At least we have each other. . .At least we're still alive.
Bill and Linda Ring choked back tears in a shelter at The United Methodist Church in Chouteau, Okla. Everything they owned was destroyed Sunday by wildfires driven by winds gusting up to 60 mph.
But despite the fire, the Rings still had a thankful spirit. "At least we have each other," Linda said. "At least we're still alive."
The Rings were more fortunate than some of the other families who huddled in the church's fellowship hall - they had insurance.
According to Michelann Ooten, spokeswoman for the Oklahoma Department of Emergency Management, as many as 50 families lost their homes due to wildfires that have burned an estimated 50,000 acres in 15 counties during the past 24 hours. Walls of fire, estimated to be 10 stories high at times, skipped across pastures and into neighborhoods. Some firefighters have been treated for smoke inhalation and minor injuries, but no serious injuries have been reported.

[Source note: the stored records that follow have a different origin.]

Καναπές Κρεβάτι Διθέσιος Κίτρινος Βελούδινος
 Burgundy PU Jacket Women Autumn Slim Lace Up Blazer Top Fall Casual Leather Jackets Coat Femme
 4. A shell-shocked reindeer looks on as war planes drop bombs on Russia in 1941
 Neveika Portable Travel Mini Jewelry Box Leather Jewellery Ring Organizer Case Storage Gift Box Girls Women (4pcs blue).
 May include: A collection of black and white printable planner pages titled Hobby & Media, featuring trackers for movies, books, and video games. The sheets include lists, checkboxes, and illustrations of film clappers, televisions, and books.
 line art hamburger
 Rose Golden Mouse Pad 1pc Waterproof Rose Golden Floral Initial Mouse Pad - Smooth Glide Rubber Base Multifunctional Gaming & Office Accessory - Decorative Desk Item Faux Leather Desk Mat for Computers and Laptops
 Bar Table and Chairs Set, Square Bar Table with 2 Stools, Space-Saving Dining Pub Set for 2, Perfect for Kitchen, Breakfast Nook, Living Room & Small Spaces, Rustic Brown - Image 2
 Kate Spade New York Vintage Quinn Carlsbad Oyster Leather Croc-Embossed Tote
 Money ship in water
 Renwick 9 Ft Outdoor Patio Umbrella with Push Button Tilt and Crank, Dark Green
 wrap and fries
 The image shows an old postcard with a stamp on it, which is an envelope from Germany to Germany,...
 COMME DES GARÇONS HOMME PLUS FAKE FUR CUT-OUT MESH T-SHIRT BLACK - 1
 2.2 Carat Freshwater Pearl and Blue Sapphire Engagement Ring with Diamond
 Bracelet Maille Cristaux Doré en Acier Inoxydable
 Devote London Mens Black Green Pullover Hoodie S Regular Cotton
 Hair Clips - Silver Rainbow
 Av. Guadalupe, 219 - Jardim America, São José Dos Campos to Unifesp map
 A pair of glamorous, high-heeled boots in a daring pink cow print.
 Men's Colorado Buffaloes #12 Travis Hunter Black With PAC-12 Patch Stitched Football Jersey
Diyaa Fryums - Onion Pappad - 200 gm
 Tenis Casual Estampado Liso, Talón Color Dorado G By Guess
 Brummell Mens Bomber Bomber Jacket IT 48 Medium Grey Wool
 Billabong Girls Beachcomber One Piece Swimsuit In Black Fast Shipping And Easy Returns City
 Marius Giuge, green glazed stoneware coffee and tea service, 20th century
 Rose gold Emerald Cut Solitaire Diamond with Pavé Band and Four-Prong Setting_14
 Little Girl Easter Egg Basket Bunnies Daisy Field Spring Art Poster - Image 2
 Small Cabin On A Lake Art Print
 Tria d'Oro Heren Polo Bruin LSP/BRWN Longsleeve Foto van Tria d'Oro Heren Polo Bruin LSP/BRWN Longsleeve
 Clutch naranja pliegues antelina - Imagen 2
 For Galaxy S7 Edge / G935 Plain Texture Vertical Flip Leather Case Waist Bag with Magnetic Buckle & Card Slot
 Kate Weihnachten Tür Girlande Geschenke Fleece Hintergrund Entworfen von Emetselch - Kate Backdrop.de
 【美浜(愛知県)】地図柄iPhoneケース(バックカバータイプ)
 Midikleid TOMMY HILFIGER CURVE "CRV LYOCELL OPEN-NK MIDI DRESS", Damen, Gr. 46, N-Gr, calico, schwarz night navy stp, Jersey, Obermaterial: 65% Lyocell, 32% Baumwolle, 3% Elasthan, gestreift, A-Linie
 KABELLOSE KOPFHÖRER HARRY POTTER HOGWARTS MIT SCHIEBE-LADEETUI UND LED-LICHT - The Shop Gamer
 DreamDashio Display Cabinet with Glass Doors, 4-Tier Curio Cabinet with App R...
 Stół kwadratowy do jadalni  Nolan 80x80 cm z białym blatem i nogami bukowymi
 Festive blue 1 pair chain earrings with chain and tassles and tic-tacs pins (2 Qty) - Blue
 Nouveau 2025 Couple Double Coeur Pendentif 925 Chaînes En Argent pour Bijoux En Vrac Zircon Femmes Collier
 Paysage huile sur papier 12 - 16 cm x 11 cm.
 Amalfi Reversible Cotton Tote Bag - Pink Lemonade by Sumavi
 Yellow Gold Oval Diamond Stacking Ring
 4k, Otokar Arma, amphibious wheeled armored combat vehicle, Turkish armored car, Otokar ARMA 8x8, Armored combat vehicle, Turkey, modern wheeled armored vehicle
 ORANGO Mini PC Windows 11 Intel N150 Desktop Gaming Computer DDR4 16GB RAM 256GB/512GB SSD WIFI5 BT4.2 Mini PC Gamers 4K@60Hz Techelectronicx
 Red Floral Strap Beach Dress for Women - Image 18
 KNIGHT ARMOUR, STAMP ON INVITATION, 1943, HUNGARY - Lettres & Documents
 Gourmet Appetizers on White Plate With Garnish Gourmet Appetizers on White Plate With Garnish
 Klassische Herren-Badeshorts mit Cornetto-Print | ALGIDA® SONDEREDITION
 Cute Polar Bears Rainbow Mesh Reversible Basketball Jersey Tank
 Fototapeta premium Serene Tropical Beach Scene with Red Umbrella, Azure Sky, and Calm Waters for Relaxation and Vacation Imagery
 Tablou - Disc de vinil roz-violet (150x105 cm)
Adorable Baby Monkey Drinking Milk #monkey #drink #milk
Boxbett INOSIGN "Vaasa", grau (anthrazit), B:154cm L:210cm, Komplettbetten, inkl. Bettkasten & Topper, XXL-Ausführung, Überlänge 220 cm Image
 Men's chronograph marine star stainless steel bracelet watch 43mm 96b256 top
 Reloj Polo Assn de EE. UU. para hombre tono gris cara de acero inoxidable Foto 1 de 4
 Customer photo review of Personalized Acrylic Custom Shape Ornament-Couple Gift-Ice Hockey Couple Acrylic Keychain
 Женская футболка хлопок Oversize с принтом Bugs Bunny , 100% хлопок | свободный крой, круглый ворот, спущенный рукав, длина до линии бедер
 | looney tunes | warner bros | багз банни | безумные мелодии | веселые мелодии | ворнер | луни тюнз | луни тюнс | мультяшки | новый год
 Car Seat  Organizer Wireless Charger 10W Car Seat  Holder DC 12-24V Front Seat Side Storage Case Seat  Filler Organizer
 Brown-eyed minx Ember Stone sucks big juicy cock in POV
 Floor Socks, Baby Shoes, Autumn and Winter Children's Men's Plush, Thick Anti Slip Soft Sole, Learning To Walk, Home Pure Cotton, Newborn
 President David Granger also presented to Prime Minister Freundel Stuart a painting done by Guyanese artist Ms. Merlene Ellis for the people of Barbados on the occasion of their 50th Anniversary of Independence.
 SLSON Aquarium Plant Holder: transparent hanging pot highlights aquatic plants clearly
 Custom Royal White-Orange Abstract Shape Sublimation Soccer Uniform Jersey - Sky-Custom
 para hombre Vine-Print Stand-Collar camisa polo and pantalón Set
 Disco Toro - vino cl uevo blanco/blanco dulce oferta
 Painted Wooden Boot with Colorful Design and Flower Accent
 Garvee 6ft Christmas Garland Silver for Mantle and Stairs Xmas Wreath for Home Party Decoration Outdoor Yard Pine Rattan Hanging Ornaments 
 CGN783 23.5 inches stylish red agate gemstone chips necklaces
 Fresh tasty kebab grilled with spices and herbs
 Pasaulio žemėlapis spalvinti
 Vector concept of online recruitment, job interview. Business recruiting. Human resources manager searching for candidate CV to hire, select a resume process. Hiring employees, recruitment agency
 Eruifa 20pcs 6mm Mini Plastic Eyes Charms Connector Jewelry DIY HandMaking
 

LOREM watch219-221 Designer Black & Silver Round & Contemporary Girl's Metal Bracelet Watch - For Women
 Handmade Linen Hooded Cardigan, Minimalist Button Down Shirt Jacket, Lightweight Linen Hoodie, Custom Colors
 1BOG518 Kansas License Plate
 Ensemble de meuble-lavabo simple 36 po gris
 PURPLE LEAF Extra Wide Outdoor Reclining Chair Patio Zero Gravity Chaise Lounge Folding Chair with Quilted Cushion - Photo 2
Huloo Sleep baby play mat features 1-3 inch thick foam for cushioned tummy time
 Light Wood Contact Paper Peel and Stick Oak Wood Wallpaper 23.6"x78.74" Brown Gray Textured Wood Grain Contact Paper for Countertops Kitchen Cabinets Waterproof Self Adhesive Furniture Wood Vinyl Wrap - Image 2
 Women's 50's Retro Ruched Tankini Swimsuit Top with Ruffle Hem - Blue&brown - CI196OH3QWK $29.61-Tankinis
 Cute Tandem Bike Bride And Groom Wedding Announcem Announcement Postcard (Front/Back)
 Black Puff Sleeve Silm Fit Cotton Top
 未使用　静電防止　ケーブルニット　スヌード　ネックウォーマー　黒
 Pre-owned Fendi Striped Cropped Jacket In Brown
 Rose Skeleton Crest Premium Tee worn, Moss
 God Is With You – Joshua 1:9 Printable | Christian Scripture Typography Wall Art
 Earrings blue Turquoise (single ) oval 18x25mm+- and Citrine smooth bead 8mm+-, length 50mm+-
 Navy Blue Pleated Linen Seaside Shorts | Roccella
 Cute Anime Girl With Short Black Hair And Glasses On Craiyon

Oklahoma Governor Brad Henry issued an emergency declaration Tuesday to help communities recover from their losses. The declaration provides a formal mechanism for requesting federal recovery assistance if it is needed.
Ooten reports that at least five large fires were burning across the state Tuesday, but she says "things are looking up" since winds have calmed down.
"We knew if winds would come down and temperatures would warm up, that would give us a good point to work from today," says Ooten. "It's easier for firefighters to work in warmer weather rather than in the cold."
Oklahoma is well below its average rainfall for this time of year and the southeastern portion of the state is experiencing a record-setting drought.